The significant association found between increased CSF p-tau levels and disease progression in our study is consistent with previous studies [50]. However, this significance disappeared in multivariate analysis, contrary to PA or MTA. This could indicate that brain atrophy might correlate more strongly with clinical progression than CSF biomarkers. Several studies have shown similar correlations between MRI, CSF, and cognitive performance [51, 52]. One possible explanation for the stronger relationship of brain atrophy with progression (compared to the relationship of CSF biomarkers with progression) is that MRI may be a more stable biomarker for neuronal injury than CSF tau proteins, which can be influenced by diurnal variation and transient brain injury [51, 52]. Otherwise, disease progression with brain atrophy could be affected by factors other than tauopathy, such as aging, traumatic brain injury, toxic factors, and vascular factors [53,54,55,56].

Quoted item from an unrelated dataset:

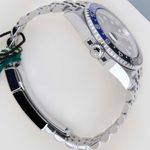 Rolex GMT-Master II 126710BLNR - (7/8)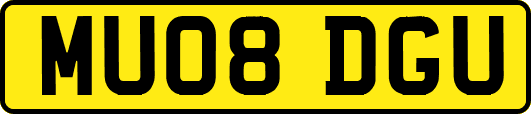 MU08DGU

There are some limitations to our study that should be noted. First, we defined amyloid positivity by CSF Aβ1–42 levels only, and did not include a population with positive amyloid PET. This may have led to a selection bias. However, several studies have shown there to be a good agreement between CSF Aβ1–42 levels and amyloid PET, which could minimize the potential bias in our study [57, 58]. Second, the visual rating scale may not be precise compared with volumetric quantitative measurements. Although we compared volumetric measures of temporal and parietal regions between stable and progressive MCI, we could not perform voxel- or surface-based analysis because our sample comprised ADNI1 and ADNI2 cohorts with different magnetic field strength.

Conclusions

This study showed that PA in amyloid-positive MCI is significantly associated with disease progression to dementia, independent of the presence of MTA. This is indicative of the predictive value of PA for disease progression in patients with amyloid-positive MCI.